RTÉ’s Room to Improve brings it closer to home, introducing ambitious aesthetics and more tangible tastemakers, with modern Irish homes and more achievable renovations. Innovations, materials and color palettes will reverberate and I have no doubt that in 50 years students of architecture will be writing essays on the Dermot Banishment of the Irish home, just as we have all learned how rural Ireland in came to be dotted with ribbons of “blissful” bungalows in the 1970s.

And if it’s not about clean, modern lines, we covet its sympathetic restoration, or better yet a mix of the two. Home of the Year is an almost perfect show in this regard, as it gives us a good look at homes, offers examples of nitpicking from both ends of the period spectrum, and allows us to speculate on what such a thing does. they can afford all that.
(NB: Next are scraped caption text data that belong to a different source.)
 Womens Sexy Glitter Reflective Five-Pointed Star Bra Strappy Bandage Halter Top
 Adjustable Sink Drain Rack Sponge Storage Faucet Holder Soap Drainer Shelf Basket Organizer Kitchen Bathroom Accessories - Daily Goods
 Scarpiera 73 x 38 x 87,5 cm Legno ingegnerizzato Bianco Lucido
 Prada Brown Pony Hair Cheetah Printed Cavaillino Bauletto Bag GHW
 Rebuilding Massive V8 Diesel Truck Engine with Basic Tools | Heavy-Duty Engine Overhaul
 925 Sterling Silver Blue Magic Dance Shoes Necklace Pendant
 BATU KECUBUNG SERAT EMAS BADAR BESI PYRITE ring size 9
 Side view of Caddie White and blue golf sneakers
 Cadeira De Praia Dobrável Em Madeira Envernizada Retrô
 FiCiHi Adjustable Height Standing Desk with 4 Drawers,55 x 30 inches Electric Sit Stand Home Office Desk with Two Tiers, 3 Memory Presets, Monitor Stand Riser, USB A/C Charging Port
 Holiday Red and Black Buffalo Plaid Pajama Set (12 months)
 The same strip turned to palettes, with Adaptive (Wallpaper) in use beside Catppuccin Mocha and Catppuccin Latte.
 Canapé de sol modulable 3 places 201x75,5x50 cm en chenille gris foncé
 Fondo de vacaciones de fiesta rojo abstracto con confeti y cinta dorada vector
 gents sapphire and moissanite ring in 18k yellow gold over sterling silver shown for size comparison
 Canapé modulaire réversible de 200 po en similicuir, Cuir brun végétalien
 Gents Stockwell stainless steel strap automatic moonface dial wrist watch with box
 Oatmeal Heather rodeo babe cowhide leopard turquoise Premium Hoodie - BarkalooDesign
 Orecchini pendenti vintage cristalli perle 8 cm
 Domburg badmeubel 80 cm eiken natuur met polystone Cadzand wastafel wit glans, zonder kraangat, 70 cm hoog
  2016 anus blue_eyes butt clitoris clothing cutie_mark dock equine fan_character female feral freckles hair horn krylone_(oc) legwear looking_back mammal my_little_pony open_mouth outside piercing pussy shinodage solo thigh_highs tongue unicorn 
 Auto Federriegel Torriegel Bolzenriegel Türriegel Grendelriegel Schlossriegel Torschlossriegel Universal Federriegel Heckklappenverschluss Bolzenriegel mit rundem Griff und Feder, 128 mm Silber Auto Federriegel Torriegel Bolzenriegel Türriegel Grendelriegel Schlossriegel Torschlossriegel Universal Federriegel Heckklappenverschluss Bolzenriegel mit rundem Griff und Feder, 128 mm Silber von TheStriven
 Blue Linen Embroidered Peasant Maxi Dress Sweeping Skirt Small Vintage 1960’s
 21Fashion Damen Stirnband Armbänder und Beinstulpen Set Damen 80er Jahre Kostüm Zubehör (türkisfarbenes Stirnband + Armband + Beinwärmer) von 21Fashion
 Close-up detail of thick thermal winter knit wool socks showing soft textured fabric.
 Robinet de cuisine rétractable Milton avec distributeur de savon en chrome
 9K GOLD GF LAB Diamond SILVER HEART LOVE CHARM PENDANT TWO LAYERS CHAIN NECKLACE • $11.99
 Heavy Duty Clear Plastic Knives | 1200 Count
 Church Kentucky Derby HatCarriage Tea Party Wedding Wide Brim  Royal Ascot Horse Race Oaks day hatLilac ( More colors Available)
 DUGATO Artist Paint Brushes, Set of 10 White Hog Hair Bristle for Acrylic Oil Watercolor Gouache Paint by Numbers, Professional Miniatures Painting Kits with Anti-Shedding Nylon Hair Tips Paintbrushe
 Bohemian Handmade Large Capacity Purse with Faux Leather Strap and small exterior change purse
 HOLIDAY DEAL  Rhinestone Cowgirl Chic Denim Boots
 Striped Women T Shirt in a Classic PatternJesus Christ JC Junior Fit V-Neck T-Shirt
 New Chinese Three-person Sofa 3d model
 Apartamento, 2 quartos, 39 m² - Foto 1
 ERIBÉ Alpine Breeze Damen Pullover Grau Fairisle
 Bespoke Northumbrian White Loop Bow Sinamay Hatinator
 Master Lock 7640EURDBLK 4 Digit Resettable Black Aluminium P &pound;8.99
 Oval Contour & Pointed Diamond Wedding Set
Sometimes the houses and the people who live there are so beautiful that we even forget our cynicism and can be vicariously happy for them and their beautiful tiles.

When home renovations move overseas, things tend to get a little crazier, and Channel 4 really has a monopoly on the oddballs taking on French chateaux. Escape to the Château recently wrapped up its eighth season and spawned Château DIY, a spin-off about other families chasing their French countryside dreams. Channel 4 has ordered 60 episodes of the show in 2021 and 2022, showing how invested the viewer is in the fairy tale of a palace in France, and the nightmare of the well that runs dry and finds unexploded bombs of World War II in the pigsty.

Cheap Irish Homes, which had two seasons on RTÉ, sits in a sweet spot between unaffordable fairy tales and tacky locker room time trial. Based on a popular Instagram account, it takes young Declans and Siobháns across the country to ruined farms or cottages with immense potential and invites them and us to imagine doing a Dermot Bannon on them.

It’s the most relevant of all home and building renovation shows and lends itself to pandemic fantasies of ditching the suburban semi-D and moving to the shore of a Midlands lake or western outcrop.

Will many of us ever do? No. Will we keep watching the shows as long as they keep making them? Absoutely.